[Opening Records provided section]

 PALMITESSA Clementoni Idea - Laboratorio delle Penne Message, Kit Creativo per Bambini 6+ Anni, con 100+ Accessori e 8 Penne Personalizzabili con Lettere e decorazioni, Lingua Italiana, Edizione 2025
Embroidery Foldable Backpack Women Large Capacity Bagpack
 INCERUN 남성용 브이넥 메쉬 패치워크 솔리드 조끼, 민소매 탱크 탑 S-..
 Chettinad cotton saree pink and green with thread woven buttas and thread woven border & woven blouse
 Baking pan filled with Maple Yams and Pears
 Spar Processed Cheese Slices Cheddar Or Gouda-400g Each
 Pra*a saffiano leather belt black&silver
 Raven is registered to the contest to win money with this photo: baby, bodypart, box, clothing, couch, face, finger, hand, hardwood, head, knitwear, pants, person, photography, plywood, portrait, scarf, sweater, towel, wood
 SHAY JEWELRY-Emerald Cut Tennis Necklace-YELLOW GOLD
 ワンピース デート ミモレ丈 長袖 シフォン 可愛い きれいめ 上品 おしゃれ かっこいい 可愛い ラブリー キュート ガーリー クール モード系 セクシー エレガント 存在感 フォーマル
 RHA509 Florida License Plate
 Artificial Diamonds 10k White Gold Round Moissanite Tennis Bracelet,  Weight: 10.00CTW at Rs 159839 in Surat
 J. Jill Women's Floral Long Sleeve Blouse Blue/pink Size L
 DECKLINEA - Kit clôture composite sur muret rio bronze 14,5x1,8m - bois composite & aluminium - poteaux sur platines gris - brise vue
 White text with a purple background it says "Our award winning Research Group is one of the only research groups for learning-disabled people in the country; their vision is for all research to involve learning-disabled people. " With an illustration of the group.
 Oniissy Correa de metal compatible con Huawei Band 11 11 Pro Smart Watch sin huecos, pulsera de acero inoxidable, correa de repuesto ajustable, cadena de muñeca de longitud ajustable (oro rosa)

[Closing Records provided section]

■ About this exercise ■
Provide all the records again, word for word.

■ Answer space ■
 PALMITESSA Clementoni Idea - Laboratorio delle Penne Message, Kit Creativo per Bambini 6+ Anni, con 100+ Accessori e 8 Penne Personalizzabili con Lettere e decorazioni, Lingua Italiana, Edizione 2025
Embroidery Foldable Backpack Women Large Capacity Bagpack
 INCERUN 남성용 브이넥 메쉬 패치워크 솔리드 조끼, 민소매 탱크 탑 S-..
 Chettinad cotton saree pink and green with thread woven buttas and thread woven border & woven blouse
 Baking pan filled with Maple Yams and Pears
 Spar Processed Cheese Slices Cheddar Or Gouda-400g Each
 Pra*a saffiano leather belt black&silver
 Raven is registered to the contest to win money with this photo: baby, bodypart, box, clothing, couch, face, finger, hand, hardwood, head, knitwear, pants, person, photography, plywood, portrait, scarf, sweater, towel, wood
 SHAY JEWELRY-Emerald Cut Tennis Necklace-YELLOW GOLD
 ワンピース デート ミモレ丈 長袖 シフォン 可愛い きれいめ 上品 おしゃれ かっこいい 可愛い ラブリー キュート ガーリー クール モード系 セクシー エレガント 存在感 フォーマル
 RHA509 Florida License Plate
 Artificial Diamonds 10k White Gold Round Moissanite Tennis Bracelet,  Weight: 10.00CTW at Rs 159839 in Surat
 J. Jill Women's Floral Long Sleeve Blouse Blue/pink Size L
 DECKLINEA - Kit clôture composite sur muret rio bronze 14,5x1,8m - bois composite & aluminium - poteaux sur platines gris - brise vue
 White text with a purple background it says "Our award winning Research Group is one of the only research groups for learning-disabled people in the country; their vision is for all research to involve learning-disabled people. " With an illustration of the group.
 Oniissy Correa de metal compatible con Huawei Band 11 11 Pro Smart Watch sin huecos, pulsera de acero inoxidable, correa de repuesto ajustable, cadena de muñeca de longitud ajustable (oro rosa)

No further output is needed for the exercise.